Determinar nas crianças de 6 anos da Freguesia de Mafra a prevalência e gravidade de cárie na dentição decídua e o nível de higiene oral. Descrever os comportamentos relacionados com a saúde oral e analisar a associação entre a cárie, o nível de higiene oral e estes comportamentos.

Métodos

Estudo observacional e transversal. Foi recolhida informação sobre comportamentos relacionados com a saúde oral através de um questionário. Os dados relativos à cárie (Índice cpod) e ao nível de higiene oral (IHO‐S) foram obtidos por um observador calibrado que utilizou os critérios da OMS. A análise dos dados foi efetuada com os testes do qui‐quadrado, Mann‐Whitney e Kruskal‐Wallis (α=0,05).

Resultados

A amostra consistiu em 165 crianças. A prevalência de cárie na dentição decídua foi de 32,7% e o cpod de 1,32, encontrando‐se a grande maioria dos dentes cariados (84,9%). A média do IHO‐S foi 1,74. A maioria das crianças já havia visitado o dentista (61,0%) e ingeria alimentos cariogénicos «às vezes» (76,2%). Mais de 80% das crianças escovava os dentes diariamente com a ajuda dos pais e 66,7% iniciou a escovagem entre o primeiro e o terceiro ano de vida. Verificou‐se uma associação positiva entre a cárie e as visitas ao dentista e a idade de início de escovagem dos dentes.

Conclusões

A prevalência e gravidade de cárie podem ser consideradas baixas, no entanto, a maioria dos dentes com experiência de cárie não estavam tratados. As atividades de promoção da saúde oral devem incluir informação sobre os comportamentos alimentares e, em especial, informação e motivação para o início precoce da escovagem dos dentes.

Palavras‐chave:
Cárie dentária
Prevalência
Epidemiologia
Saúde oral
Abstract
Objectives

Determine the prevalence and severity of dental caries in the primary dentition and the oral hygiene level in 6‐year‐old children of Mafra. Describe oral health related behaviours and analyze the association between oral health behaviours and both caries in the primary dentition and oral hygiene level.

Methods

Cross‐sectional study. Oral health behaviours information was obtained by a questionnaire. Caries (cpod using WHO criteria) and oral hygiene (OHI‐S) data was collected by a calibrated observer. Statistical analysis was performed using Chi‐Square, Mann‐Whitney and Kruskal‐Wallis tests (α=0.05).

Results

The sample included 165 children. The prevalence of caries in the primary dentition was 32.7% and the dmft was 1.32, with the vast majority of teeth (84.9%) being decayed. The mean OHI‐S was 1.74. Most children had visited the dentist (61.0%) and ate cariogenic foods «sometimes» (76.2%). Over 80% of children brushed their teeth daily with parents¿ help and 66.7% started brushing between the first and third year. A positive association was found between caries and the visit to the dentist, and the age toothbrushing started.

Conclusions

The prevalence and severity of dental caries may be considered low. The oral health promotion activities should include information and motivation for healthy behaviours, specially, for the age of toothbrush beginning.

Keywords:
Dental caries
Prevalence
Epidemiology
Oral health
Texto completo
Introdução

Nas últimas décadas do século XX verificou‐se uma evidente diminuição da prevalência de cárie dentária nos países desenvolvidos1–3. De um modo geral, as principais causas apontadas para esta diminuição incluem a melhoria das condições gerais de saúde e, mais especificamente, a generalização das medidas de higiene oral e da utilização de produtos fluoretados4,5. Alguns estudos realizados em países desenvolvidos demonstraram que, nos últimos anos, após esta clara diminuição desta doença se atingiu uma estabilização ou um ligeiro aumento da prevalência de cárie na dentição decídua6–8.
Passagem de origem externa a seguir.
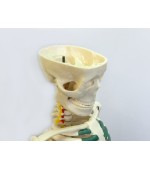 Human skeleton with spinal nerves (code S27)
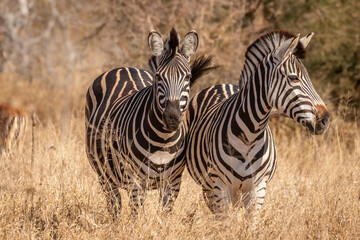 Obraz na płótnie Canvas Two zebra in a herd of plains zebra, equus quagga, equus burchellii, common zebra, Sabi Sands Game Reserve, South Africa.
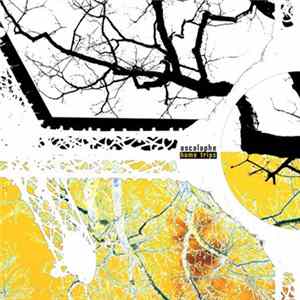 Ascalaphe - Home Trips Album
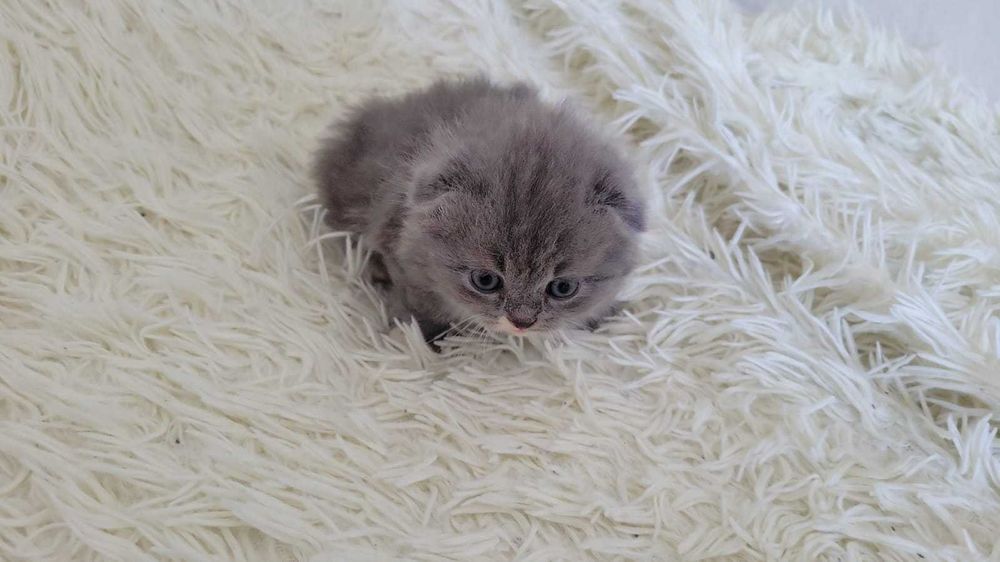 Котята породы веслоухие и прямоухие Шотландцы 7 недель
Em Portugal, os estudos publicados apontam para uma melhoria dos indicadores de cárie9–11 aumentando a percentagem de isentos de cárie na dentição decídua aos 6 anos de idade de 17,0% em 19849 para 51% em 200511. Os resultados do III Estudo Nacional da Prevalência das Doenças Orais da Direção‐Geral da Saúde (DGS), ainda não publicados, mas apresentados em março de 2015 no Dia Mundial da Saúde Oral, referiram 54% de indivíduos isentos de cárie nessa mesma idade.
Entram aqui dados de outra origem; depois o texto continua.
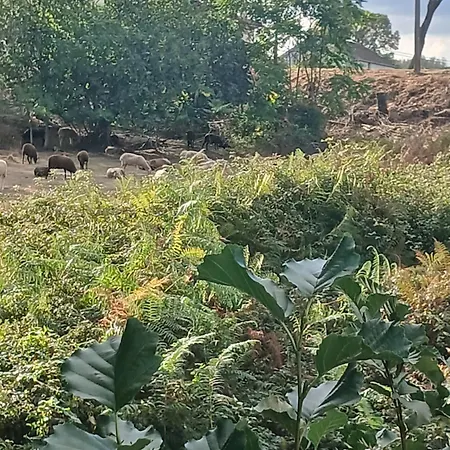 Quinta Da Barbosa * Folgosinho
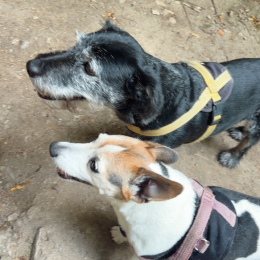 Iana et canna profile
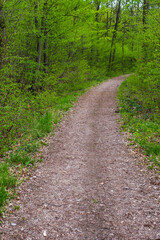 Hike on a forest path on the Eichelberg in Rheinlad-Pfalz near Fürgfeld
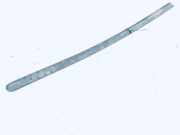 Zierleiste T?r Zier-Schutzleiste - Vorne Linke Ford Fusion, 2002.08 - 2009.12 2n11n20939aew,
Apesar da diminuição da sua prevalência, a cárie continua a ser uma das doenças mais comuns em todo o mundo e pode considerar‐se que os seus valores permanecem elevados. A cárie dentária é a doença mais prevalente na infância e, de acordo com a Organização Mundial da Saúde (OMS), cerca de 60‐90% da população mundial escolarizada apresenta esta doença4. Mesmo nos países onde se verifica um aumento do número de indivíduos isentos de cárie, continua a existir uma minoria da população, sobretudo os indivíduos de mais carenciados e de baixos recursos12,13, que apresenta níveis elevados e inaceitáveis desta doença. Por estes motivos, continua a ser considerada um importante problema de saúde pública.
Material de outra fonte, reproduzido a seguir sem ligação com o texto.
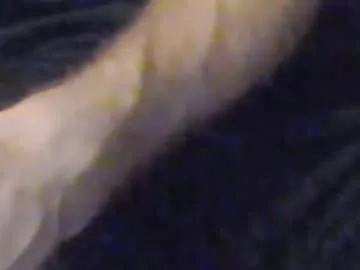 wet_dreamm22 – webcam model profile photo Image 16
Nas crianças, a cárie dentária não tratada pode levar ao aparecimento de dor, infeções e, também, à perda prematura de dentes. Estas situações, por sua vez, podem contribuir para alterações da fala, da alimentação e até para o incorreto desenvolvimento e crescimento da criança. As suas complicações podem levar a perda de horas escolares e a uma diminuição da qualidade de vida, desgastando a criança física e psicologicamente14. Por outro lado, o seu tratamento é, não só, dispendioso, como também bastante complexo, devido a dificuldades de colaboração. Nos casos mais graves pode levar à necessidade de efetuar os tratamentos dentários sob sedação ou anestesia geral15.

Na literatura existem diversos fatores associados ao desenvolvimento da cárie dentária, entre eles a escovagem diária dos dentes, a alimentação cariogénica, a frequência de idas ao dentista e a presença de placa bacteriana16–18.

Sendo, a cárie, um relevante problema de saúde pública, o seu estudo epidemiológico é fundamental para que haja um melhor conhecimento da doença e dos seus principais determinantes, de modo a permitir uma melhor organização dos serviços e da aplicação de programas preventivos.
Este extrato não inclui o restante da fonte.